## Prompt
Exact copy, no pictures: return only the lines below from the line with "A residential area" up to and including the line with "Image of female".

═══ Supplied information

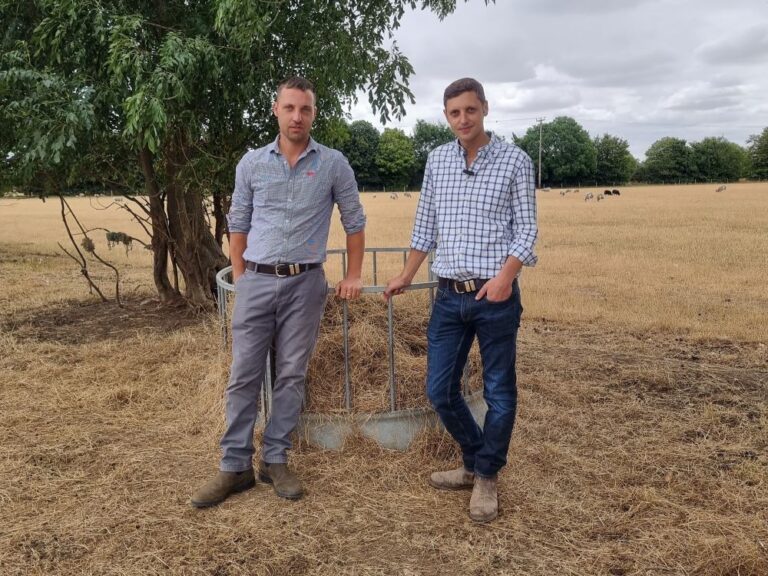 two young male farmers stood in a farming field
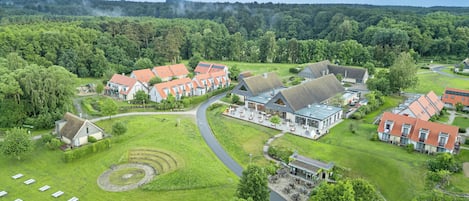 A residential area with multiple houses, a central building with a large patio, and a surrounding green landscape.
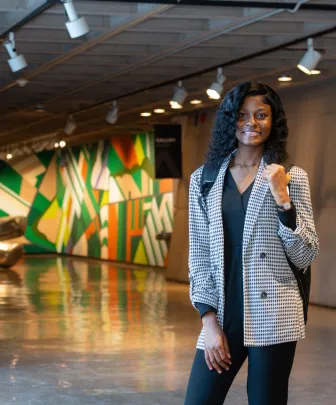 a person standing in an art gallery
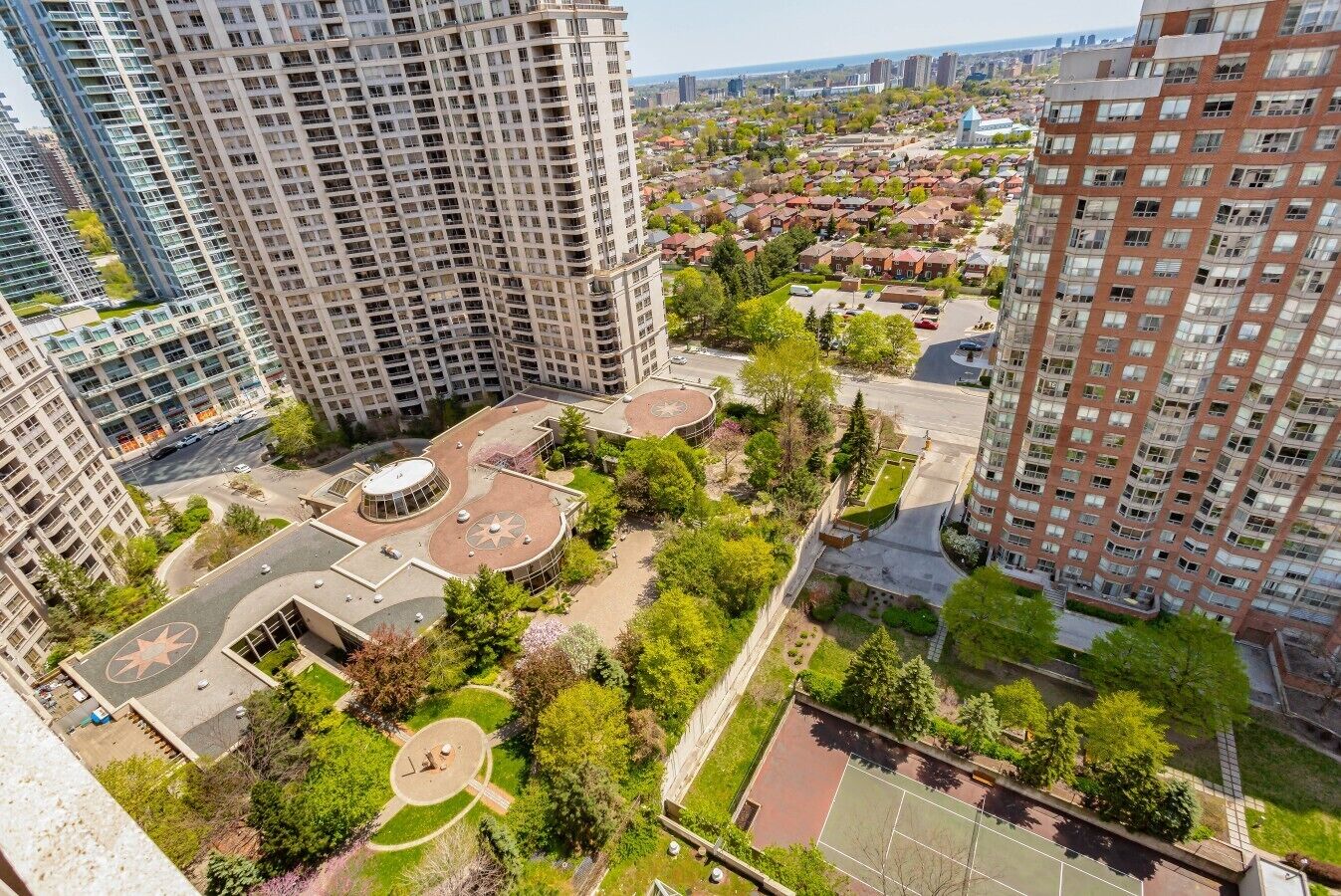 A high-rise building complex with multiple residential units, a central courtyard with a circular design, and surrounding greenery.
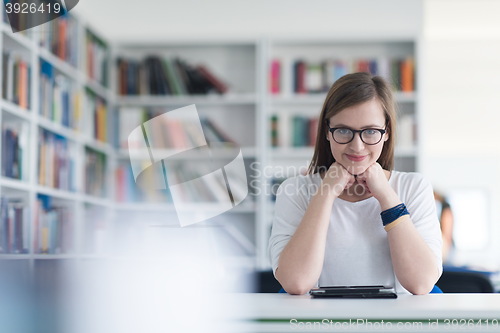 Image of female student study in school library, using tablet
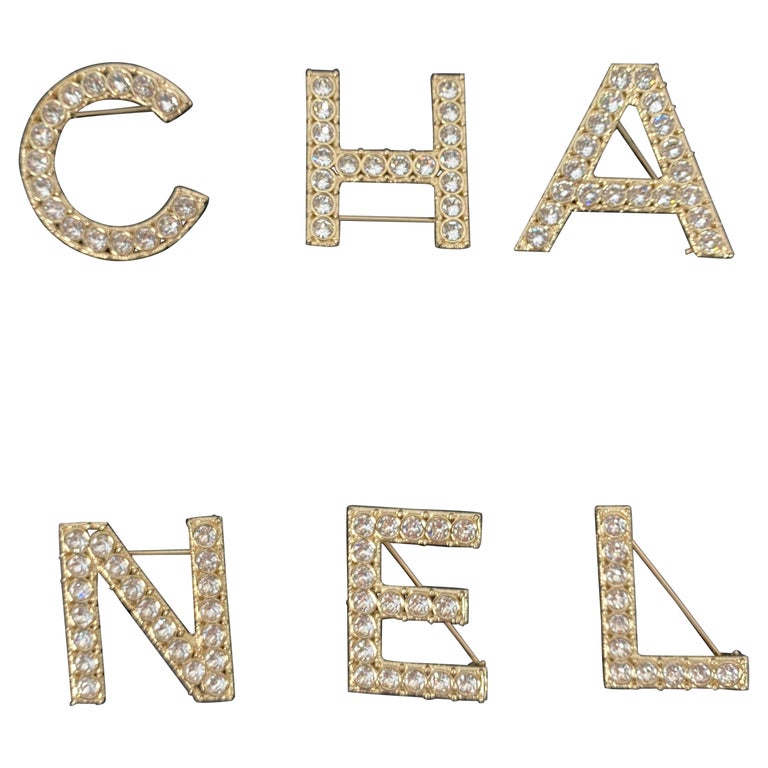 CHANEL 2019 Strass Logo Letters Brooch Set NEW With Tags For Sale at  1stDibs | chanel letters, chanel letter brooch, chanel brooch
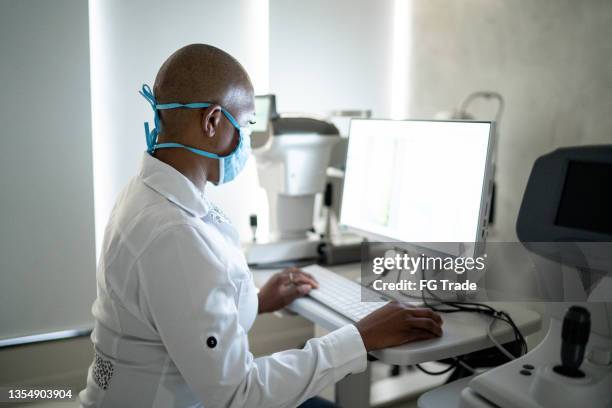 ophthalmologist analyzing exam's results in a monitor - using a face mask - retinal scan stock pictures, royalty-free photos & images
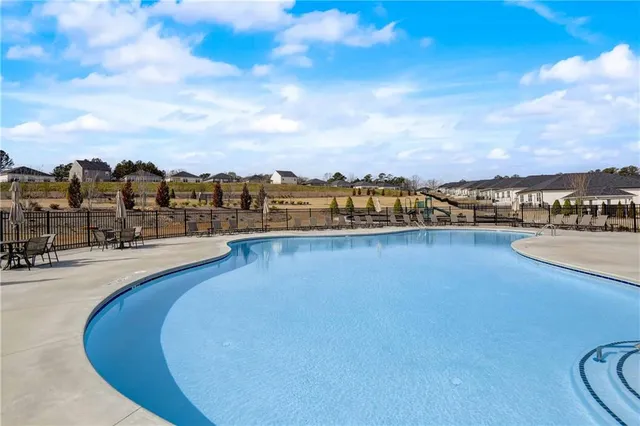 a view of a swimming pool with a table and chairs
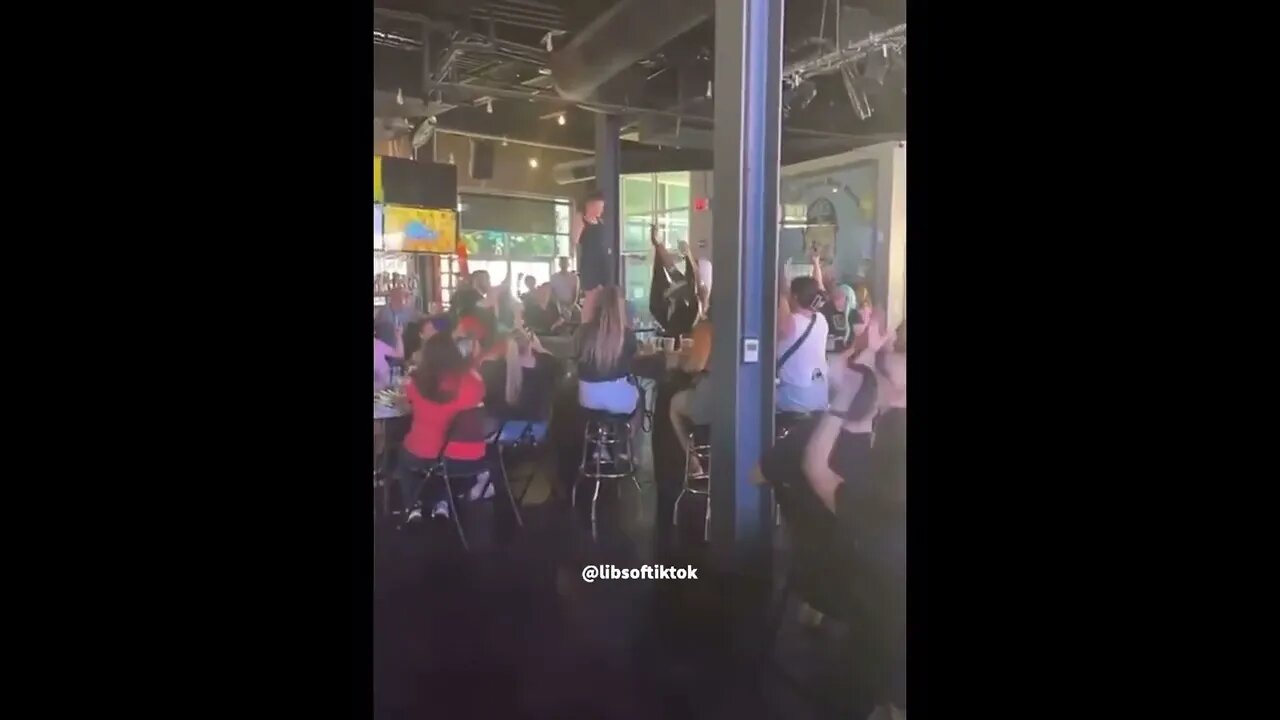 Drag queen leads a child in performing for the audience and collect tips at a drag show in Nebraska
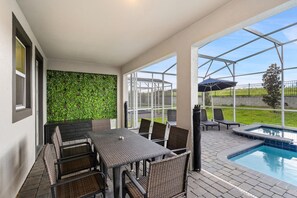 A covered patio area with a pool, outdoor seating, and a view of the surrounding landscape. - Championsgate 897 - Ten Bedroom Villa, Sleeps 33 (Orlando)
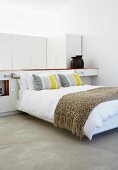 Modern double bed with throw against partition in sleeping area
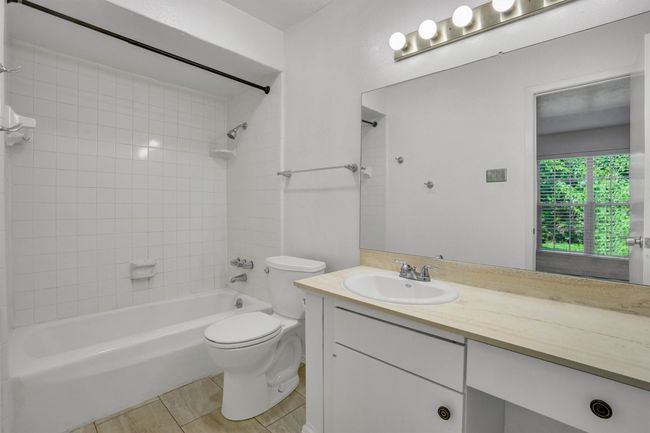 Full bathroom featuring vanity, tub / shower combination, and tile patterned floors | Image 18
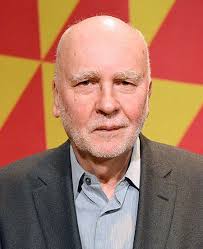 Tracht de verwonde wereld te bezingen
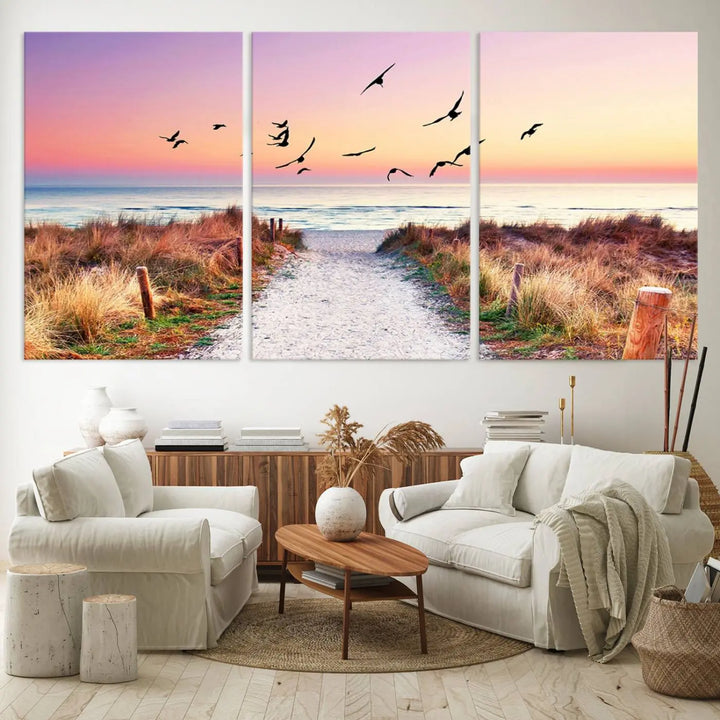 The "Ocean Pathway Sunset Canvas Art" beautifully depicts a tranquil coastal beach walk at sunset, featuring birds in flight across a vividly colorful sky. This piece is crafted using giclee print technology on canvas to ensure vibrant colors and exquisite detail for a relaxing wall art experience.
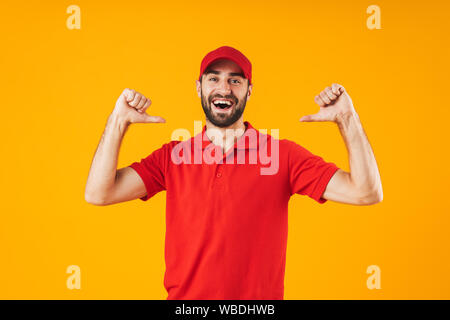 Ritratto di giovane uomo di consegna in t-shirt rossa e cappuccio sorridente e puntando le dita in se stesso isolato su sfondo giallo Foto Stock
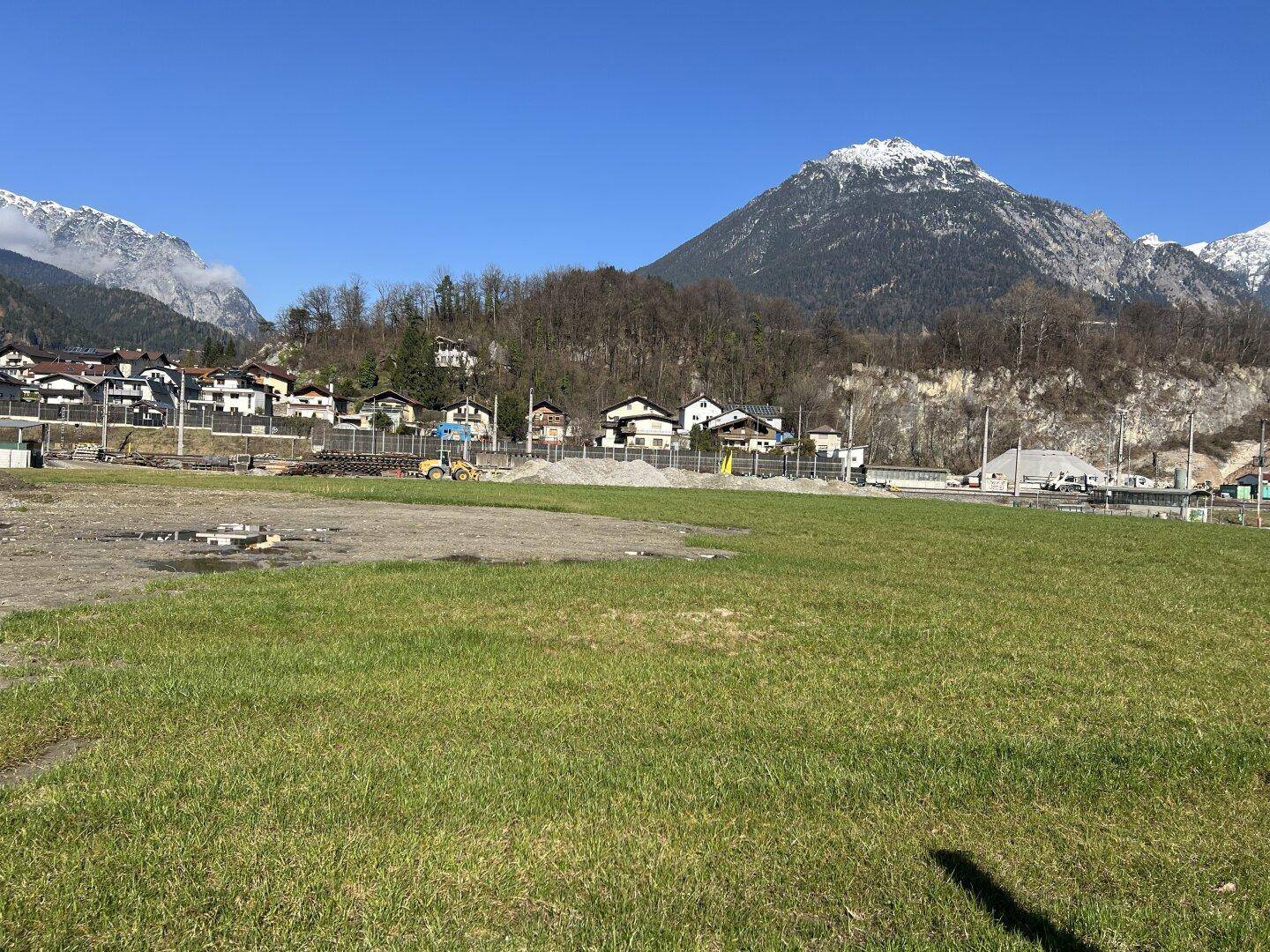 Weitläufiges grünes Feld mit einer Reihe von Häusern und schneebedeckten Bergen im Hintergrund.
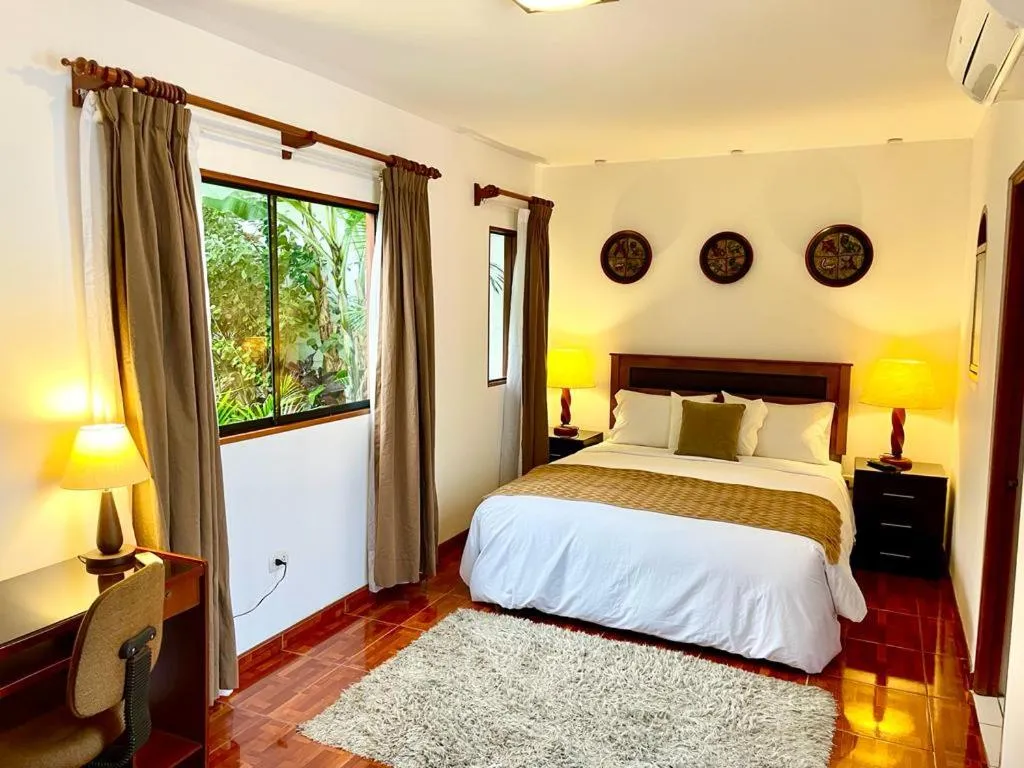 Bed in Casa Bella Boutique Hotel San Isidro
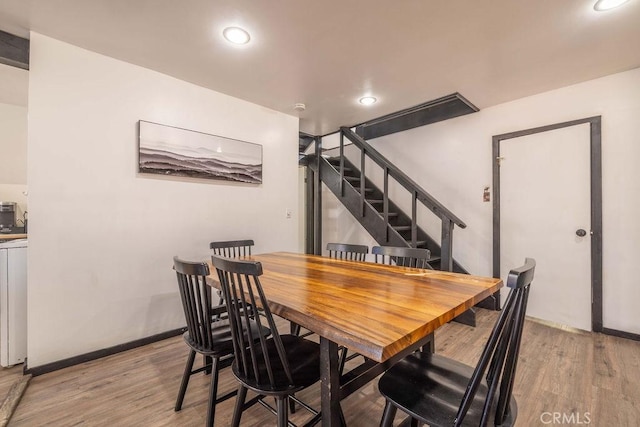 dining room with light wood-type flooring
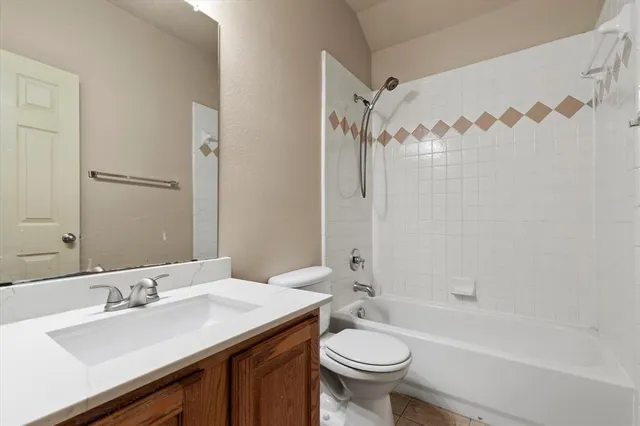 a bathroom with a sink a toilet and a bathtub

══════

## Written answer
 A residential area with multiple houses, a central building with a large patio, and a surrounding green landscape.
 a person standing in an art gallery
 A high-rise building complex with multiple residential units, a central courtyard with a circular design, and surrounding greenery.
 Image of female student study in school library, using tablet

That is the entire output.